Skipping all pictures, print exactly the lines below from the one with "KAN DAROOM 다룸 제로컬렉션 AI 음식물처리기 화이트" through the final line.

##### Available data

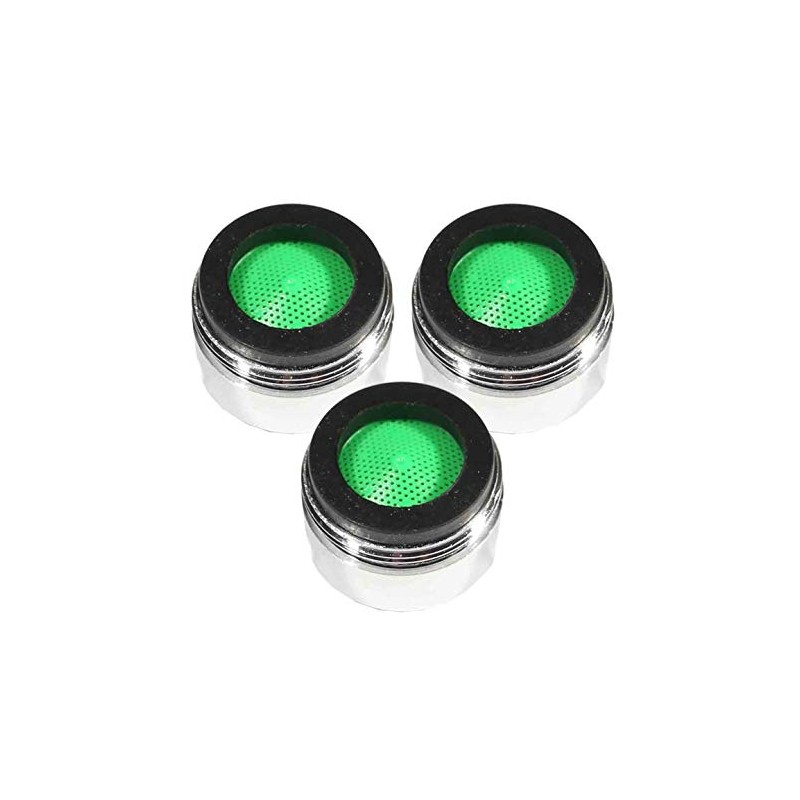 LOWENERGIE Tap Aerator 24mm Male,2ltr per Minute,Water, Energy Saving Reduce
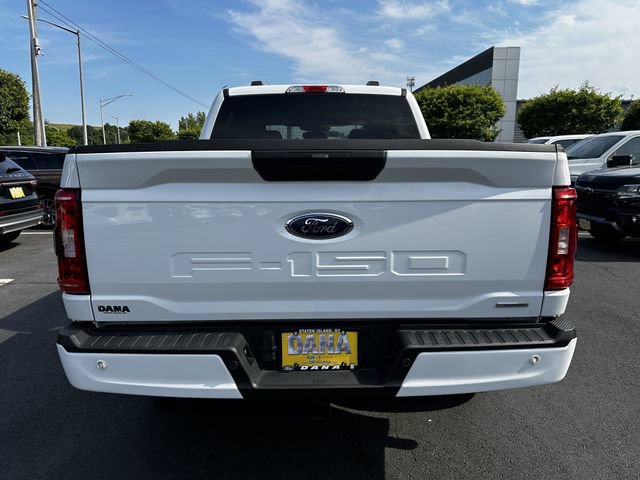 Certified 2023 Ford F150 XL w/ STX Appearance Package AWD/4WD image 6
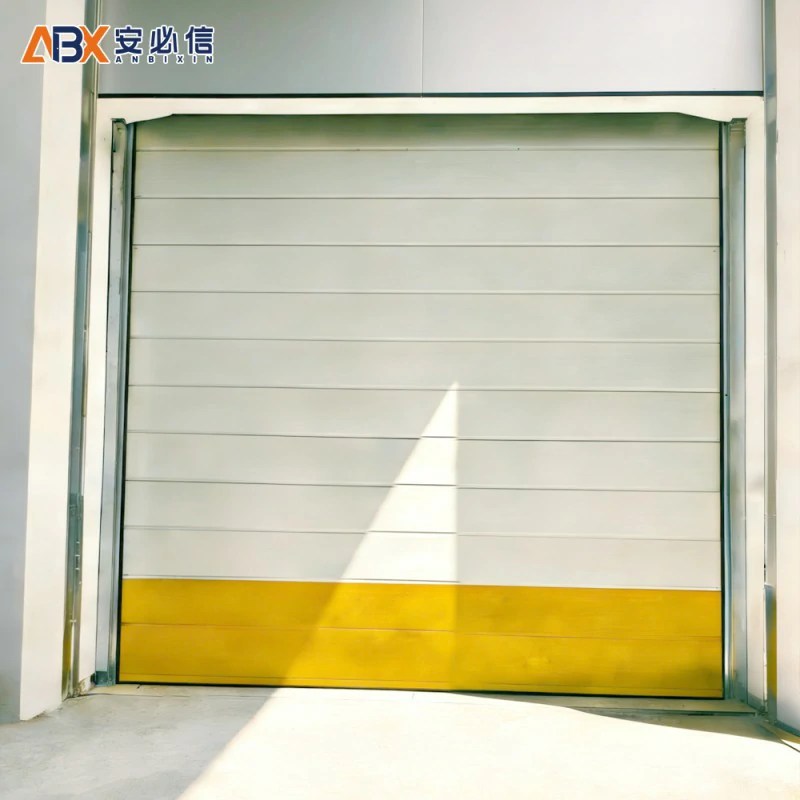 贵阳铝合金提升门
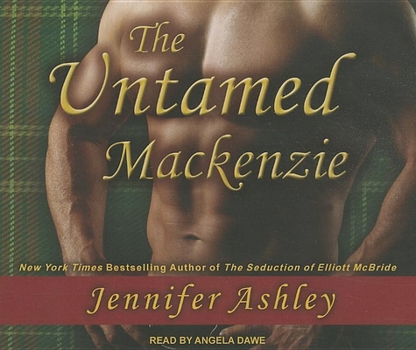 Audio CD The Untamed MacKenzie Book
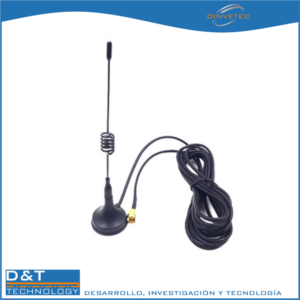 ANTENA DE VENTOSA 915MHZ 3.5DBI TX915-XPL-100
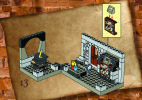 Istruzioni per la Costruzione - LEGO - 4705 - Snape's Class: Page 15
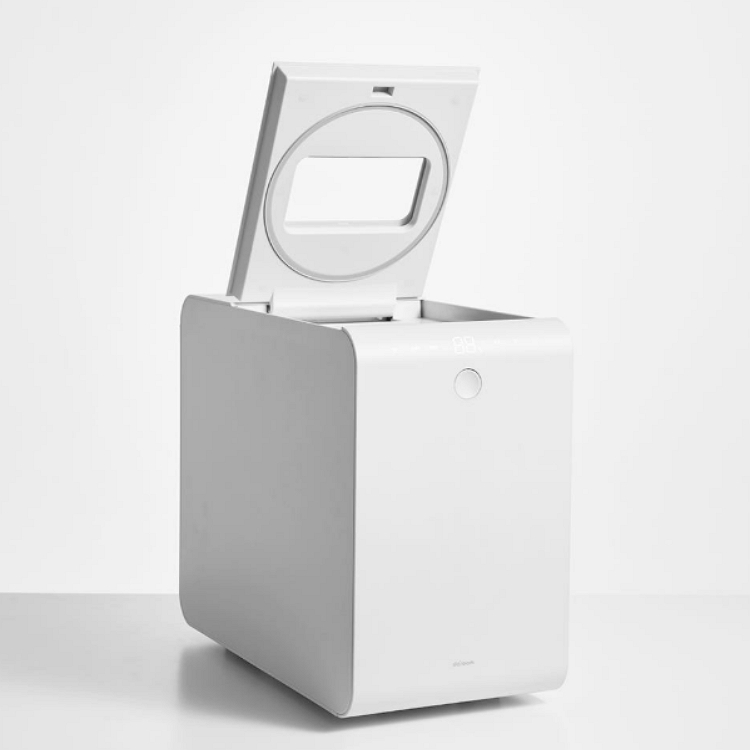 KAN DAROOM 다룸 제로컬렉션 AI 음식물처리기 화이트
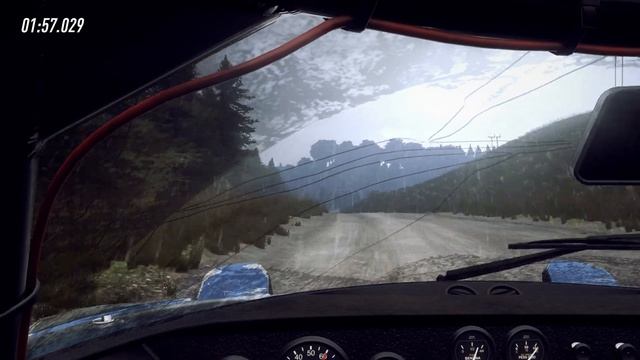 Git Gud Racing 2021 - Championship 1 Event 2 Stage 5 смотреть онлайн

##########

Expected output
 KAN DAROOM 다룸 제로컬렉션 AI 음식물처리기 화이트
 Git Gud Racing 2021 - Championship 1 Event 2 Stage 5 смотреть онлайн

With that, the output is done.